La distance pudique qu'il installe et son sens génial du cadrage permet aux plans séquences d'exprimer la durée des émotions, des tensions, des vécus, en temps réel mais sans temps morts. Sans chercher d'effets de réel documentaire, cet objet échappe aux catégories et se laisse couler dans une atmosphère nocturne jamais reposante, belle et menaçante, chargée des espoirs et des résignations d'une jeunesse qui cherche à vivre mieux que ses parents.
Ni cinéma à message, ni dérive esthétique errante, seul derrière la caméra et sans équipe technique, tout tient dans le regard effacé mais bienveillant de Bing, sa présence modeste et son empathie, on le sent hésiter, et parfois frémir derrière sa caméra, souple et flottante. Toujours sur le fil. On le sent prêt à poser sa caméra lors d'une sequence de violente dispute de couple, ou à couper lorsqu'il suit un ouvrier qui s'est un peu trop bituré pour oublier que sa fille lui manque et qui casse les couilles à ceux qui bossent. Ça compte les minutes quil reste sur la carte de téléphone pour joindre la famille, ça compte les pièces à l'unité qu'il faudra encore coudre pour payer le billet de train, le coût d'une simple canette de soda, ça compte, ça coud. Jour et nuit.

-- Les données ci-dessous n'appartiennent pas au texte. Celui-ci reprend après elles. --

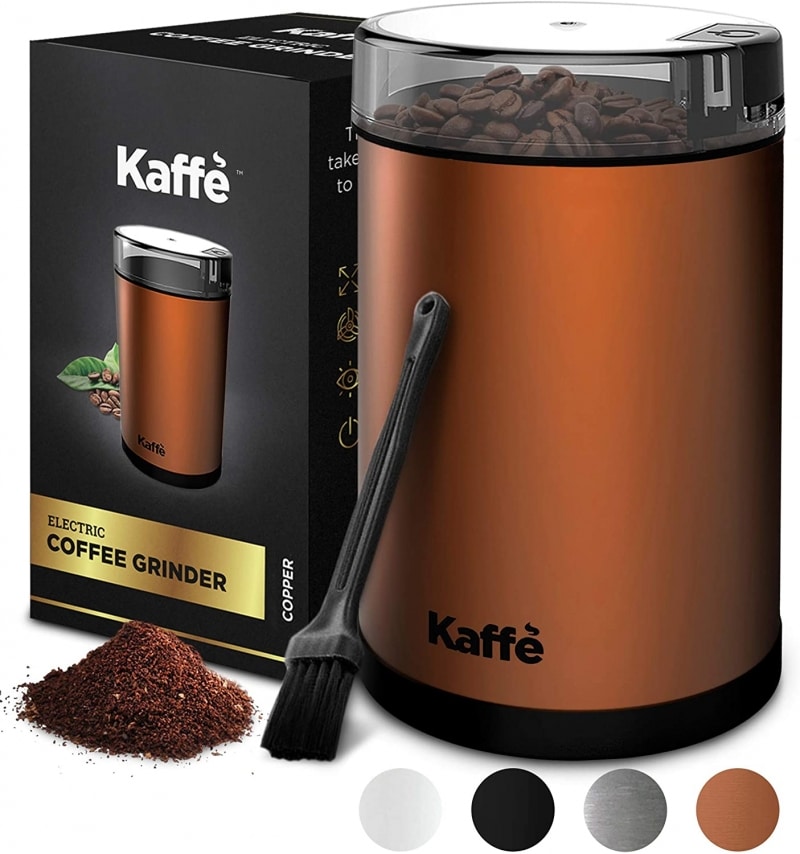 3. Kaffe Electric Coffee Grinder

Tout le mystère du point de vue d'un artiste, capable de saisir avec force le non dit et partager une l'évidence muette de vies nues et fragiles. On sent laisser passer toute l'humanité du cinéaste à travers ces images du rêve économique chinois, ces existences écrasées, la dignité. Un morceau de vers de Houellebecq me revient, tiré de sa chanson Présence Humaine, sans que je sache pourquoi: "leur vie étaient très limitées".
Vraiment touchant.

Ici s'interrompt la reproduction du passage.